These specialized accountants examine tax and business records to identify irregularities that can impact major criminal and civil cases. They are often certified public accountants (CPAs) who use forensic accounting to detect and/or find evidence of embezzlement, corruption, and other financial crimes. Forensic accountants may work in state or federal law enforcement, including with the Federal Bureau of Investigation (FBI), the United States Secret Service, or on behalf of public accounting firms and large corporations. Accountants who specialize in forensics may start their own consulting business or advance to a supervisor position

Below is narrative which describes how the fraud is carried out :

TBW - Taylor, Bean & Whitaker Mortgage Corp., is a privately-held Florida corporation organized in 1982 and headquartered in Ocala, Florida. TBW expanded rapidly, and by 2008, was the largest non-depository mortgage lender in the United States. Farka was one of the owner of TBW.
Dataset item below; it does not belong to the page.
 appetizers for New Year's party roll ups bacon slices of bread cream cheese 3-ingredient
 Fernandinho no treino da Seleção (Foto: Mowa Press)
Beginning in the first-quarter of 2002, TBW (Farka's Organisation) began to experience liquidity problems, primarily because the cash generated from its mortgage servicing rights was insufficient to cover its growing business

Around this time, TBW began to overdraw its then limited warehouse line of credit with Colonial Bank by approximately $15 million each day

Farkas, with the assistance of the Colonial Bank Officer, thereafter began a pattern of “kiting” in TBW’s accounts at Colonial Bank, whereby certain debits to TBW’s warehouse line of credit were not entered until after credits due to the warehouse line of credit for the following day were entered.

Recognizing the continued difficulty in concealing this initial fraudulent conduct, Farkas, with the assistance of the Colonial Bank Officer, devised a plan whereby TBW would create and submit fictitious loan (COLB Account) information to sale the loan and get the funds keeping such fictitious loan as collateral.

Farkas, with the assistance of the Colonial Bank Officer, created fictitious trades that consisted of fictitious loans and rolled these loans from the COLB Account to trades on the AOT Account. Once on the AOT Account, Colonial Bank’s accounting systems could not identify the individual loans, or the age of those loans, within that trade.

Because the fictitious trades containing fictitious loans could not readily be sold to third-party investors, Defendant Farkas, with the assistance of the Colonial Bank Officer, utilized several manipulative and deceptive devices to conceal these trades as they aged on the AOT Account

TBW’s cash flow problems intensified in or around 2007, when a private label purchaser reneged on its obligation to purchase an approximately $600 million trade held in the AOT Account (the “Failed Trade”). TBW was unable to immediately repackage and resell the Failed Trade and therefore was unable to repay its contractual obligations to Colonial Bank for advancing the funds necessary to make the underlying loans in the first place.